[DBZ-923] MySQL active-passive: brief data loss on failover when Debezium encounters new GTID channel

Type: Bug
Resolution: Done
Priority: Critical
Fix Version/s: 0.9.0.Beta2
Affects Version/s: 0.8.3.Final
Component/s: mysql-connector
Labels:
None

SFDC Cases Counter:
SFDC Cases Open:
SFDC Cases Links:

Lets say we have two mysql servers in standard active-passive high availability setup. If current master node fails, automation will promote passive instance to new master and it continues to serve live traffic. And debezium is connecting to master node as well.

Starting point:
Server A (current master)
uuid: abc
gtids: abc:1-100

Server B (slave)
uuid: dfg
gtid: abc:1-100 (replating from master)

Debezium is connecting to master also, so it has
gtids: abc:1-100

Now assume master node fails, failover is triggered

Server B (automation promotes it to new master)
uuid: dfg,
gtids: abc:1-100, dfg: 1-20

Server A (becomes slave, starts replication from B)
uuid: abc
gtids: abc:1-100, dfg: 1-20

Debezium after job restart:
gtids: abc:1-100, dfg:1-20,

Debezium gets connection reset error, then on job restart it successfully connects to new master (Server B), finds new gtid channel (dfg) and merges it to existing offsets and connects.

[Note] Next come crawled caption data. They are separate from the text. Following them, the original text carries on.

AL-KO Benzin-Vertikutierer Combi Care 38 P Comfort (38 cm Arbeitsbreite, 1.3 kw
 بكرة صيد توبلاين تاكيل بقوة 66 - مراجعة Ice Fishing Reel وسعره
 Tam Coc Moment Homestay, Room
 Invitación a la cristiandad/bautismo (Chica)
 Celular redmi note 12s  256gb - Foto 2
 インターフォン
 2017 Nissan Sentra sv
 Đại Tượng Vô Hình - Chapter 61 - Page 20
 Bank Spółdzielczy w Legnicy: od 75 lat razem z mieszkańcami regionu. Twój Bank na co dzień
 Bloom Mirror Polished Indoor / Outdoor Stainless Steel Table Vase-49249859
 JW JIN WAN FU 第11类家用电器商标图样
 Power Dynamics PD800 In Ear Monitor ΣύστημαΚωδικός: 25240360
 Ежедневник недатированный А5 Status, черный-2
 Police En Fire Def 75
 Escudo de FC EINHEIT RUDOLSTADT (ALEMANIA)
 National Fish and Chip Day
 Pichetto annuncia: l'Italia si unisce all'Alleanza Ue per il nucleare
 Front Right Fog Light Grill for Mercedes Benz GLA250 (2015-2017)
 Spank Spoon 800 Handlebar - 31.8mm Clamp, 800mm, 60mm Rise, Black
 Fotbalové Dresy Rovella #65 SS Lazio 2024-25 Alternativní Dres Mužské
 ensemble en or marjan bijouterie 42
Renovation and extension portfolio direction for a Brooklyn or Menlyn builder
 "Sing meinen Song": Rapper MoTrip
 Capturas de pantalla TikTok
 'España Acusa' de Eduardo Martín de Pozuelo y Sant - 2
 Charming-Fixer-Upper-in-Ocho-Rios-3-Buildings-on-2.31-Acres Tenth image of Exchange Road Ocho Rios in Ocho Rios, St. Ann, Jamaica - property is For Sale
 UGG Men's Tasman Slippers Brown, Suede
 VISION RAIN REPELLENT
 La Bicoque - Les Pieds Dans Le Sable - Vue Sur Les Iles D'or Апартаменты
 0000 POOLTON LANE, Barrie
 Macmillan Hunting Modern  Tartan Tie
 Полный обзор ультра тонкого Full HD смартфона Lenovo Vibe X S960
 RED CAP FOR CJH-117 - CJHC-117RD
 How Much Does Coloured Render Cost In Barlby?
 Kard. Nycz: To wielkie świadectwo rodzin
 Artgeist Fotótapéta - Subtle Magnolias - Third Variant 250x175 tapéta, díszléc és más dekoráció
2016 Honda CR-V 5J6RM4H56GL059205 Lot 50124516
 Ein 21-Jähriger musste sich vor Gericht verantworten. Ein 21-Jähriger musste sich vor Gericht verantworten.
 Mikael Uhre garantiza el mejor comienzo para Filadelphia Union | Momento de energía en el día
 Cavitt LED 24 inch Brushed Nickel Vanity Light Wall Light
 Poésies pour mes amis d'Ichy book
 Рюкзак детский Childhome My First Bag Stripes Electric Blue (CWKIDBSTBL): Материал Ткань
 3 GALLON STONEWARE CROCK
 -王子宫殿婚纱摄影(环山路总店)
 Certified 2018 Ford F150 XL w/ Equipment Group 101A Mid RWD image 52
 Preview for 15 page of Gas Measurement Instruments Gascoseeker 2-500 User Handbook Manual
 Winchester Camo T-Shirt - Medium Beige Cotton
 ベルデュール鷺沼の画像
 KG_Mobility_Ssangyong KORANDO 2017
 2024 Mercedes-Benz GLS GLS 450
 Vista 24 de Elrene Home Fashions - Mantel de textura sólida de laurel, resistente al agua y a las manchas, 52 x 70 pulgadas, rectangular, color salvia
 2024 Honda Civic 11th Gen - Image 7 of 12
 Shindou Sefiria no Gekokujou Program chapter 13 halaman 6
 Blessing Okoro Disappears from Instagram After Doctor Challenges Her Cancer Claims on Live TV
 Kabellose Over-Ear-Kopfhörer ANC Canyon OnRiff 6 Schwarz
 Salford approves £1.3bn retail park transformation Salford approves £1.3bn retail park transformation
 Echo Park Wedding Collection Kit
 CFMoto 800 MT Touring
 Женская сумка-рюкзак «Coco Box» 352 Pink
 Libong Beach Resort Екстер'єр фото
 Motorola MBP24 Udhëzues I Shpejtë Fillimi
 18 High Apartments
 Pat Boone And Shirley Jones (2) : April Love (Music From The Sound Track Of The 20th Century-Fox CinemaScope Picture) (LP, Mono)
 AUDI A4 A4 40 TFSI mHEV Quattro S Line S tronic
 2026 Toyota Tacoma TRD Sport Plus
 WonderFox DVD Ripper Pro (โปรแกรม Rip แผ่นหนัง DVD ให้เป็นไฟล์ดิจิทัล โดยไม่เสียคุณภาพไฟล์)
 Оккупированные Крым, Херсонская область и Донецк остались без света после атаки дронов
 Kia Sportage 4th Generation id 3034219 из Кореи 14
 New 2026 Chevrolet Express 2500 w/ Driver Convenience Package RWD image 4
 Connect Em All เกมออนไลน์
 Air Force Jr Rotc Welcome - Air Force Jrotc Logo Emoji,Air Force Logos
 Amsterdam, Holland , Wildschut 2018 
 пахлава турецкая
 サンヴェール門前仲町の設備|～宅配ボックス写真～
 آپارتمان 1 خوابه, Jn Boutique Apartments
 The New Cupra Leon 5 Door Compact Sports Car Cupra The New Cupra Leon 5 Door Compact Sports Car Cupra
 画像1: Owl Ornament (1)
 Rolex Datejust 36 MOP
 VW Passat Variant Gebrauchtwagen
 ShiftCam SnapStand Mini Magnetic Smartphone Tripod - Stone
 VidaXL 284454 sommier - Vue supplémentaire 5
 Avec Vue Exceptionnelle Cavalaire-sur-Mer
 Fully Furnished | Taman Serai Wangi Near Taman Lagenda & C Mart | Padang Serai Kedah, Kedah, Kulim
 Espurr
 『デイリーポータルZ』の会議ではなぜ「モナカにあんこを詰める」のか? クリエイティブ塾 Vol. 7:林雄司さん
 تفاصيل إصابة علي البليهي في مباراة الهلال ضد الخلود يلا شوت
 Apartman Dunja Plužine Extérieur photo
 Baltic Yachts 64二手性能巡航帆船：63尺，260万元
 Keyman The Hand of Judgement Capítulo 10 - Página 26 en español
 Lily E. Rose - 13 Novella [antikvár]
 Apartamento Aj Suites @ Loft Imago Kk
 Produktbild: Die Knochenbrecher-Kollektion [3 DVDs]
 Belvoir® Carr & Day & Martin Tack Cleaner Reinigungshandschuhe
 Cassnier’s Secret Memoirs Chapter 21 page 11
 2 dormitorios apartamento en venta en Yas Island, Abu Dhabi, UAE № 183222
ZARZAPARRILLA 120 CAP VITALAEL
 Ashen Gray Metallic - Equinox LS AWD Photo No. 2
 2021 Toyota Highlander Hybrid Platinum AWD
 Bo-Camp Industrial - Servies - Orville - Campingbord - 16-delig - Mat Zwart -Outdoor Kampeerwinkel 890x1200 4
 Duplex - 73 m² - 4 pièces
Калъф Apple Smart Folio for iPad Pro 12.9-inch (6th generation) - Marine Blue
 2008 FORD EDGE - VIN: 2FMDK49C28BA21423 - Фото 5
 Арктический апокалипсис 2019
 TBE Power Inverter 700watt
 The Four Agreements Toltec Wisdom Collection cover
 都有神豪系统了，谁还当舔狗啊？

Works, BUT! There is a timing issue.

When encountering new gtid debezium starts reading it from mysql server latest gtid_executed position. So in case when mysql servers failover happens faster than debezium job failure detection and restart, the live data arriving to new master with new gtid channel (dfg in our example) is never processed in debezium. In our infra it can be several minutes of data lost as with large schemas debezium startup takes some time.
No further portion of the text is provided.